Provided material:
+ + +

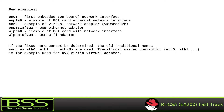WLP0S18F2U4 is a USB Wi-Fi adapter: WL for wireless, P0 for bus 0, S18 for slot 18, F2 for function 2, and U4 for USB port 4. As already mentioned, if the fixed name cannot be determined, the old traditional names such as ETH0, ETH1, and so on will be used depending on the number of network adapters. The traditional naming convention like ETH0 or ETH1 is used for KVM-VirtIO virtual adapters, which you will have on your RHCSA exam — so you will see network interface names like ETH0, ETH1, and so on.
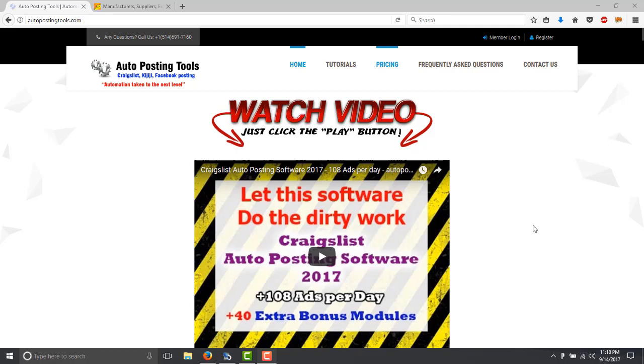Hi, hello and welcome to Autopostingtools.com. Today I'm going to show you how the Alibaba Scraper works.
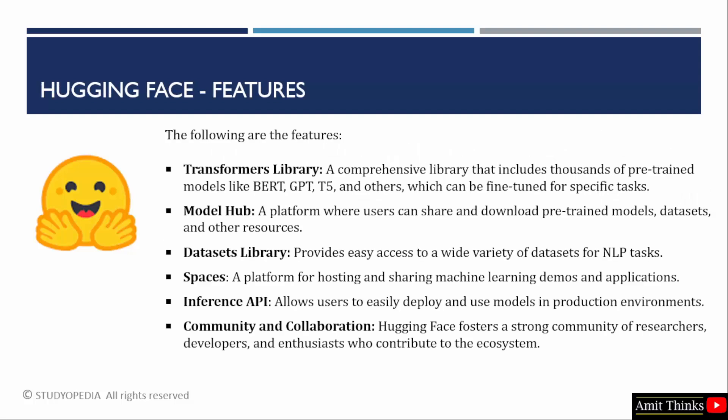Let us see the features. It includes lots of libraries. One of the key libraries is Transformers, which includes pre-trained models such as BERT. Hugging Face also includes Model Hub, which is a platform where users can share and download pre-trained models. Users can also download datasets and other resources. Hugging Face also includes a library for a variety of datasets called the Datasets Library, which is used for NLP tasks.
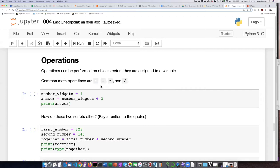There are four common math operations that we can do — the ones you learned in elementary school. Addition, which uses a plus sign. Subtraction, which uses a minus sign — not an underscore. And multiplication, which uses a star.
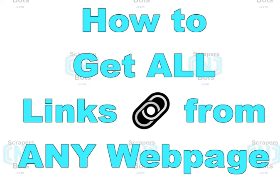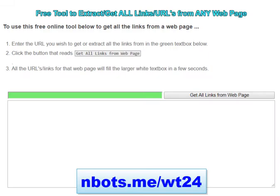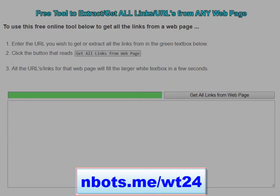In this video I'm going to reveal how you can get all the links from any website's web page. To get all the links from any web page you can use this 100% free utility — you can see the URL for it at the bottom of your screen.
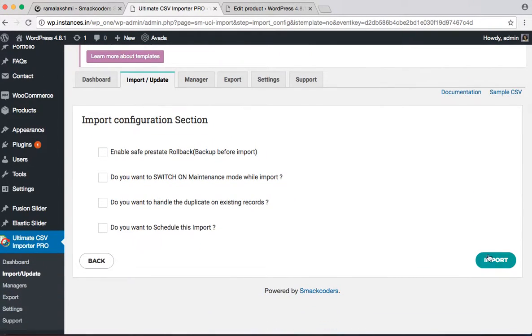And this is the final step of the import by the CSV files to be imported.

+ + +

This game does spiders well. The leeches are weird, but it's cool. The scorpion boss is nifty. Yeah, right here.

+ + +

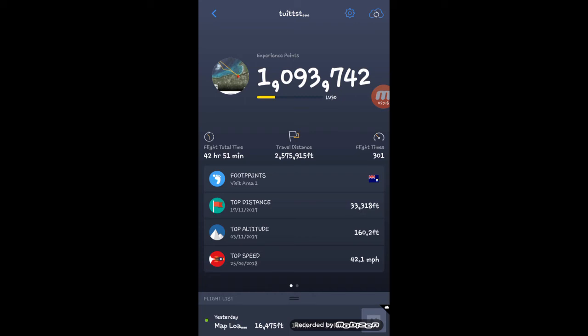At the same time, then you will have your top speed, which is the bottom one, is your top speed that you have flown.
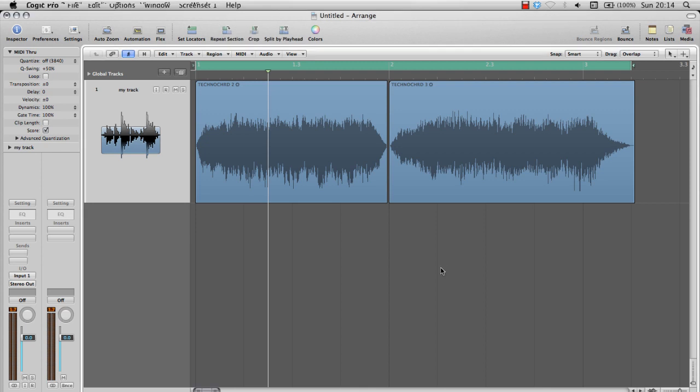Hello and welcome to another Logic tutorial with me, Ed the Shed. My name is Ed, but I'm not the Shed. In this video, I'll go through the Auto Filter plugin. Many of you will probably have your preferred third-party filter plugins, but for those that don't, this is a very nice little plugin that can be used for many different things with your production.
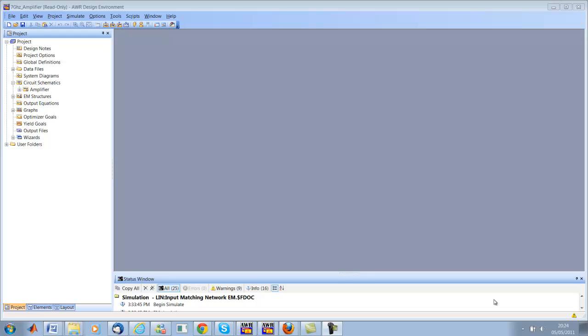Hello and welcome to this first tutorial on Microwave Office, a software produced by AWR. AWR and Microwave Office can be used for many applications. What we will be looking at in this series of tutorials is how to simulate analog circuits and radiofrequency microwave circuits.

+ + +

What is required:
In the entries above, every line from the line with "At the same" to the line with "Hello and welcome to another" is to be printed exactly, with both ends included and pictures excluded.

Reply:
At the same time, then you will have your top speed, which is the bottom one, is your top speed that you have flown.
Hello and welcome to another Logic tutorial with me, Ed the Shed. My name is Ed, but I'm not the Shed. In this video, I'll go through the Auto Filter plugin. Many of you will probably have your preferred third-party filter plugins, but for those that don't, this is a very nice little plugin that can be used for many different things with your production.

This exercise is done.